::: INFORMATION PROVIDED

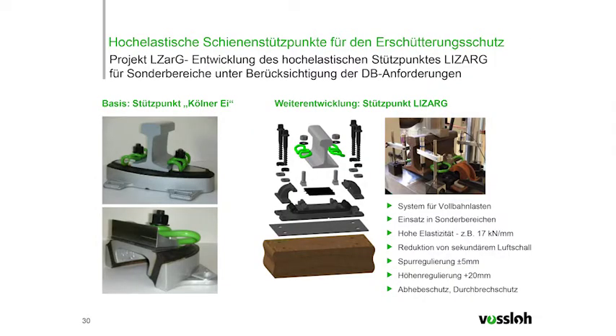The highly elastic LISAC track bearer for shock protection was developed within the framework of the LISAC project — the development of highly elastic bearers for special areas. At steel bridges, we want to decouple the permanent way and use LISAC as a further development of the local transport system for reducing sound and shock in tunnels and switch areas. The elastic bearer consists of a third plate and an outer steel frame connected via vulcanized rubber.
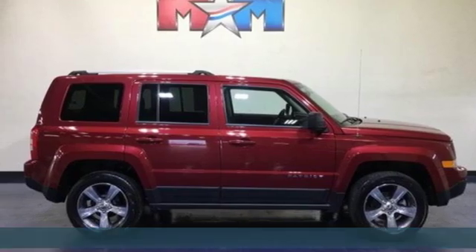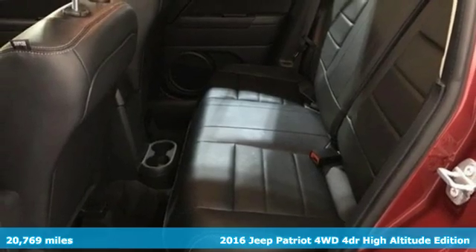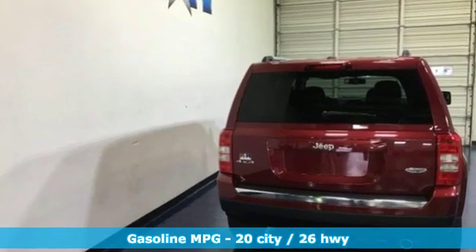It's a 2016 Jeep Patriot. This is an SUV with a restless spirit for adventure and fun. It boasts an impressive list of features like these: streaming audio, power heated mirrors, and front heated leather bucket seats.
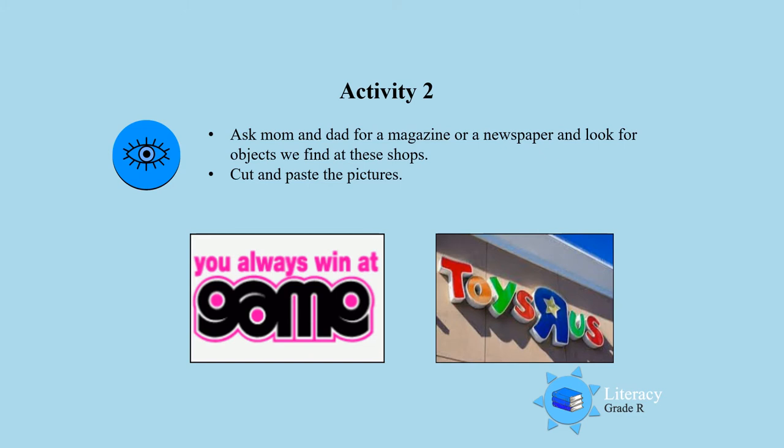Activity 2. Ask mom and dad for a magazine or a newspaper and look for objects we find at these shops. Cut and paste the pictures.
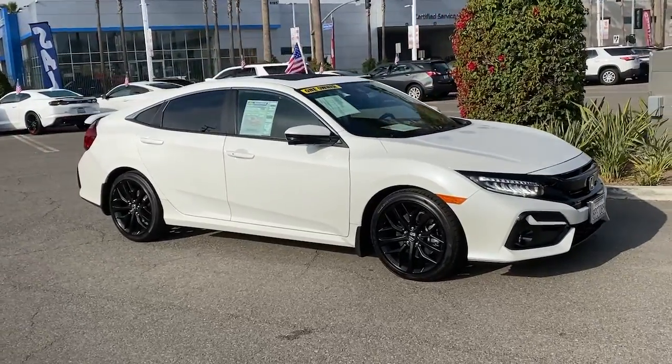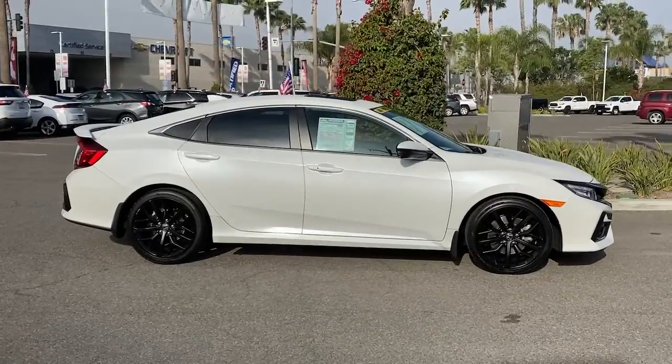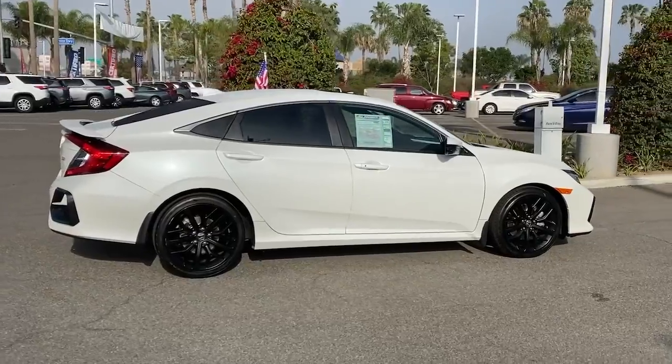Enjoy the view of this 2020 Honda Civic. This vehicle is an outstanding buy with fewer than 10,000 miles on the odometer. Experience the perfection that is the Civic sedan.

::::::

■ **EXERCISE AIM**
Could you print the data exactly as it appears and keep the pictures out?

■ **ANSWER FOR THE TASK**
The highly elastic LISAC track bearer for shock protection was developed within the framework of the LISAC project — the development of highly elastic bearers for special areas. At steel bridges, we want to decouple the permanent way and use LISAC as a further development of the local transport system for reducing sound and shock in tunnels and switch areas. The elastic bearer consists of a third plate and an outer steel frame connected via vulcanized rubber.
It's a 2016 Jeep Patriot. This is an SUV with a restless spirit for adventure and fun. It boasts an impressive list of features like these: streaming audio, power heated mirrors, and front heated leather bucket seats.
Activity 2. Ask mom and dad for a magazine or a newspaper and look for objects we find at these shops. Cut and paste the pictures.
Enjoy the view of this 2020 Honda Civic. This vehicle is an outstanding buy with fewer than 10,000 miles on the odometer. Experience the perfection that is the Civic sedan.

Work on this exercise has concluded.